• **TASK INSTRUCTIONS**: Please retype the data below exactly, stopping after the line with "This Adorable Pup" and skipping every picture.

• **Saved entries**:
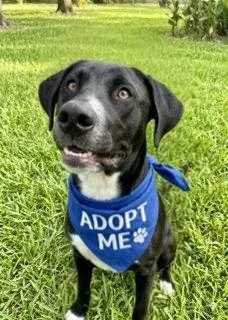 A baby medium-sized male Black Labrador Retriever dog named Neville for adoption in Willington, CT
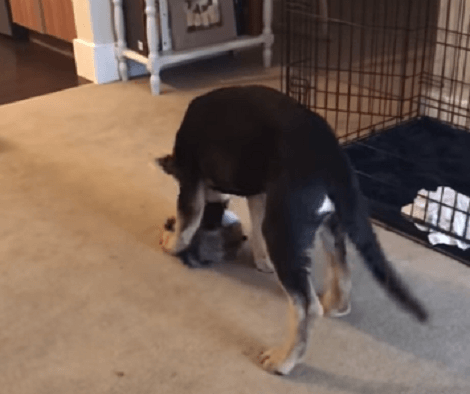 This Adorable Pup Is Head Over Heels In Love With His New Toy! We Love It Too!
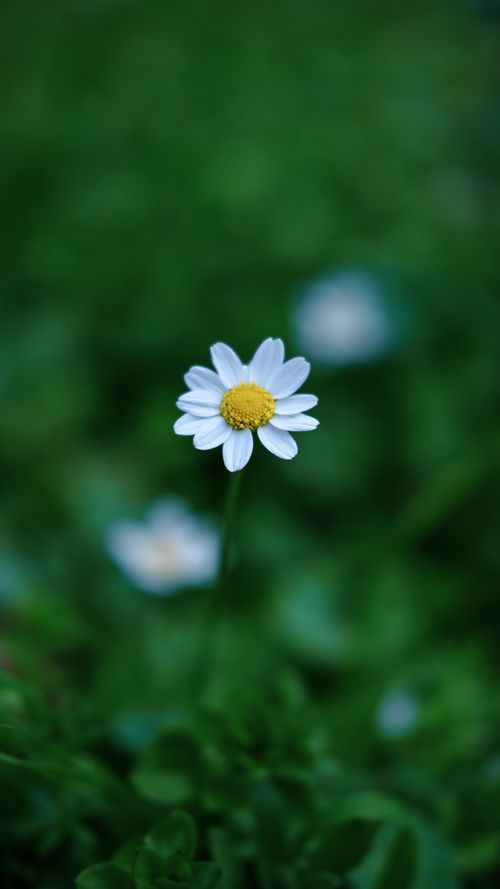 Free Vivid close-up of a single white daisy flower with a yellow center against a lush green background. Stock Photo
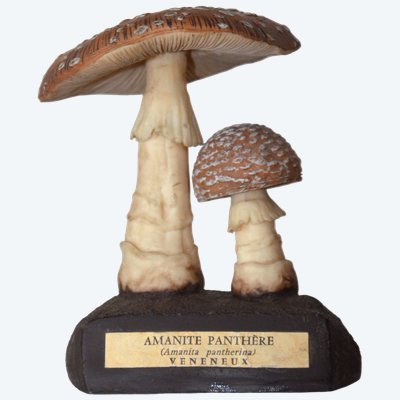 Champignon DEYROLLE Amanite Panthère Circa 1960-1980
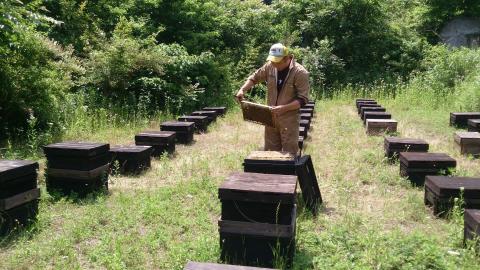 なまハチミツ180g　4本セット（013_5002）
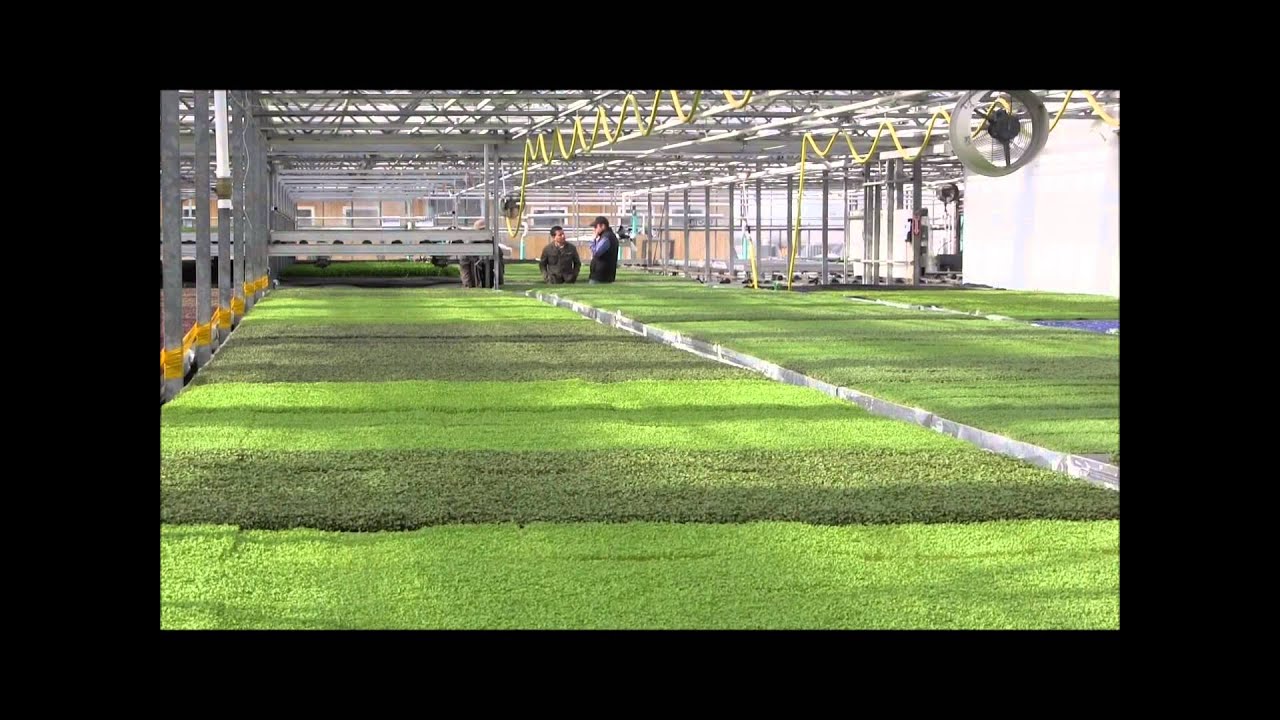 They're Small but Mighty: Microgreens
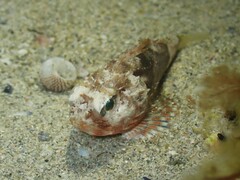 Maxillicosta scabriceps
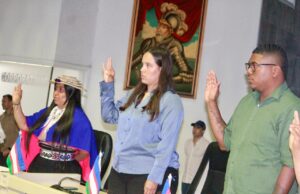 Se posesionó el nuevo Consejo Municipal de Juventud de Cali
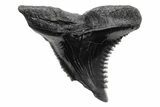 Snaggletooth Shark (Hemipristis) Tooth - South Carolina #211605-1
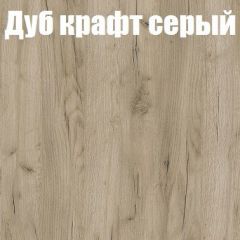 Шкаф-купе Бассо 1.0 (Дуб Крафт серый/Бетонный камень) 2 двери ЛДСП 2 зеркальные вставки в Ишиме - ishim.mebel24.online | фото 4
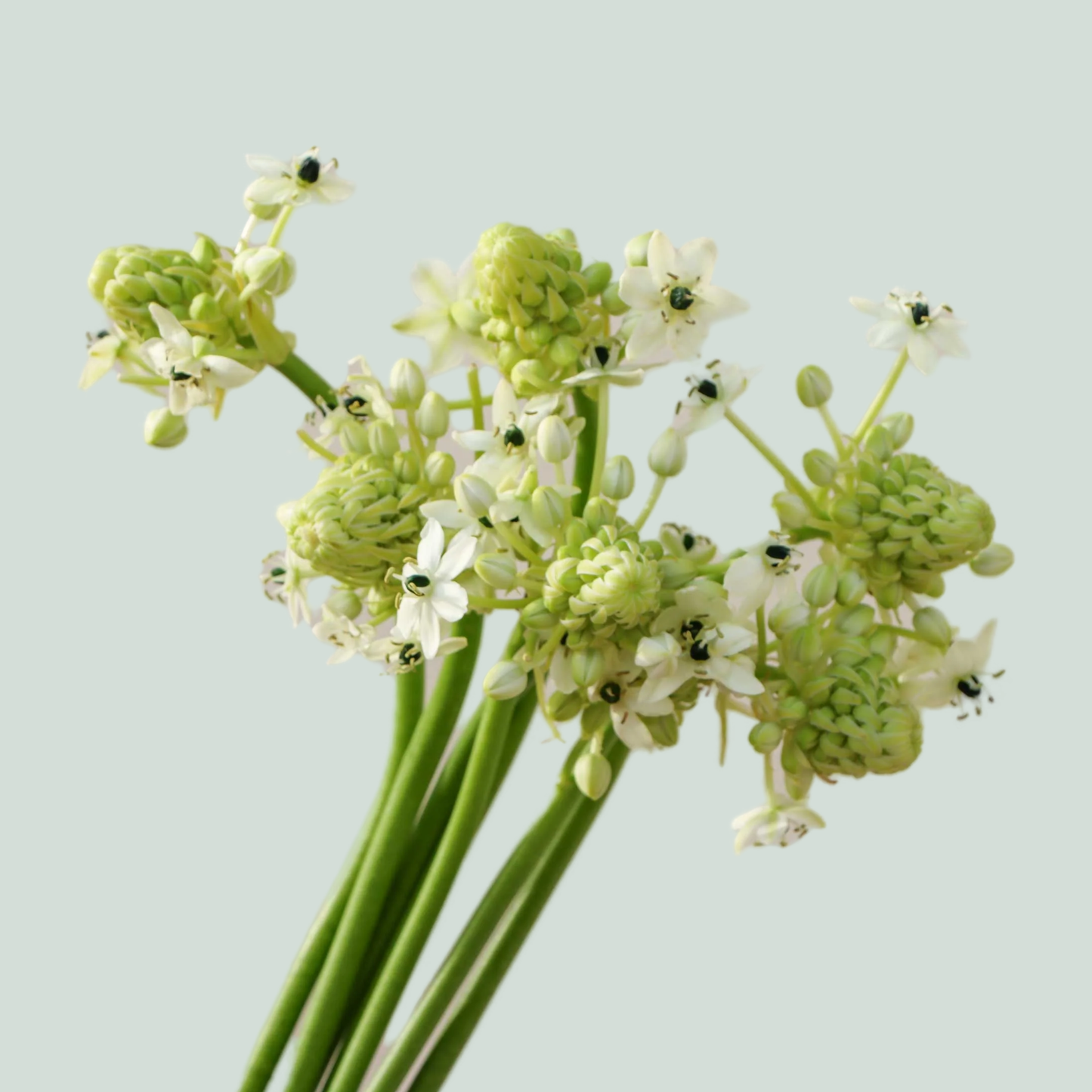 Ornithogalum Arabicum Saundersiae (50 Stems)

• **WRITTEN ANSWER**:
 A baby medium-sized male Black Labrador Retriever dog named Neville for adoption in Willington, CT
 This Adorable Pup Is Head Over Heels In Love With His New Toy! We Love It Too!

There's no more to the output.